> _Your instructions_: Copy the records exactly, leaving out every picture.

Records from a data source
┌──
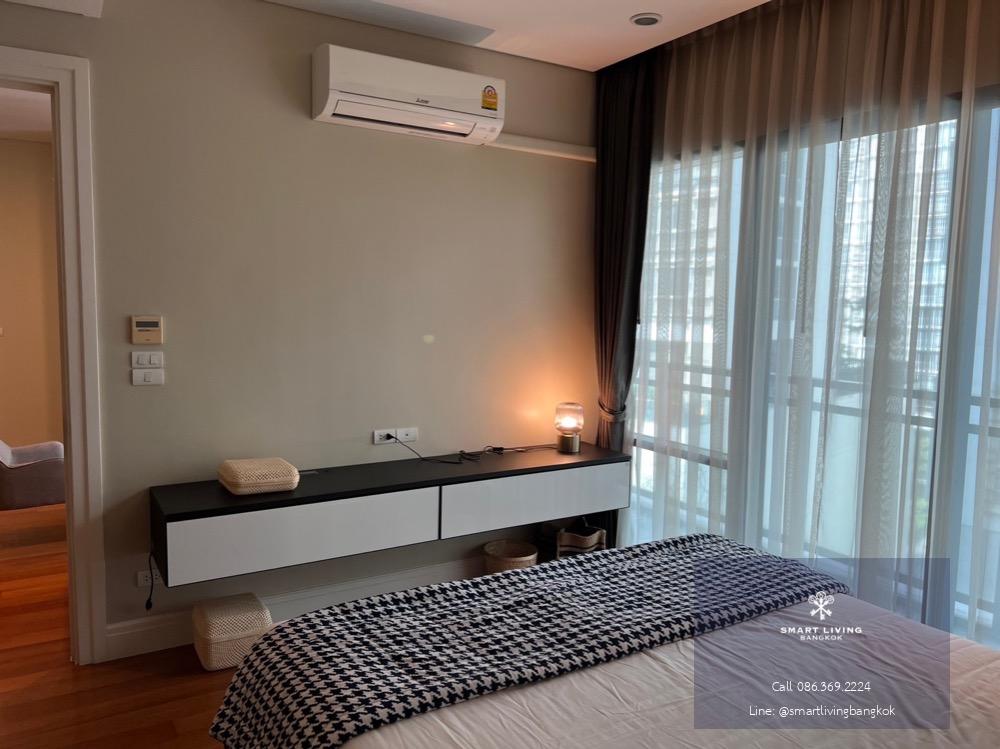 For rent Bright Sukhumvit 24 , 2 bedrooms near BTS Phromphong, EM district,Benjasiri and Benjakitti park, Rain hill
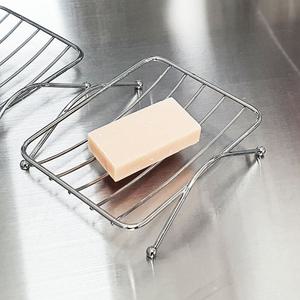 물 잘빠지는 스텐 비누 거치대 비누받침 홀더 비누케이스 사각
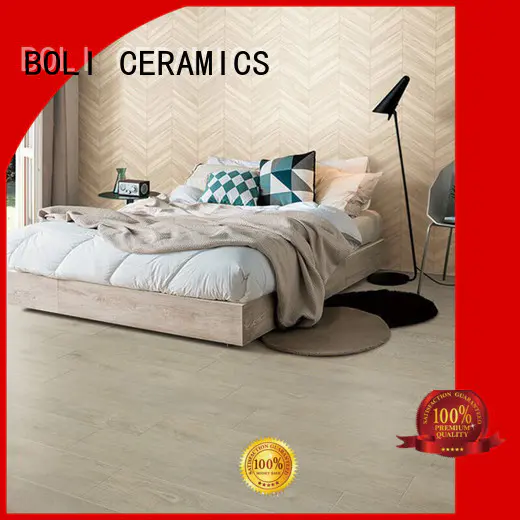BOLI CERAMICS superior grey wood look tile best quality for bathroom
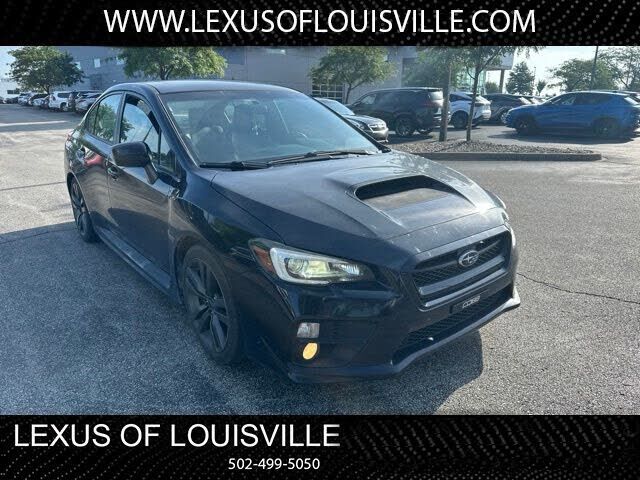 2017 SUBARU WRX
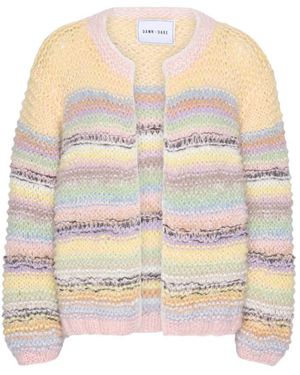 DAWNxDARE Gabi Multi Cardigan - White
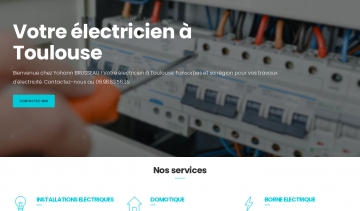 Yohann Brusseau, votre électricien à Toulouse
└──
> _Result of the exercise_:
 For rent Bright Sukhumvit 24 , 2 bedrooms near BTS Phromphong, EM district,Benjasiri and Benjakitti park, Rain hill
 물 잘빠지는 스텐 비누 거치대 비누받침 홀더 비누케이스 사각
BOLI CERAMICS superior grey wood look tile best quality for bathroom
 2017 SUBARU WRX
 DAWNxDARE Gabi Multi Cardigan - White
 Yohann Brusseau, votre électricien à Toulouse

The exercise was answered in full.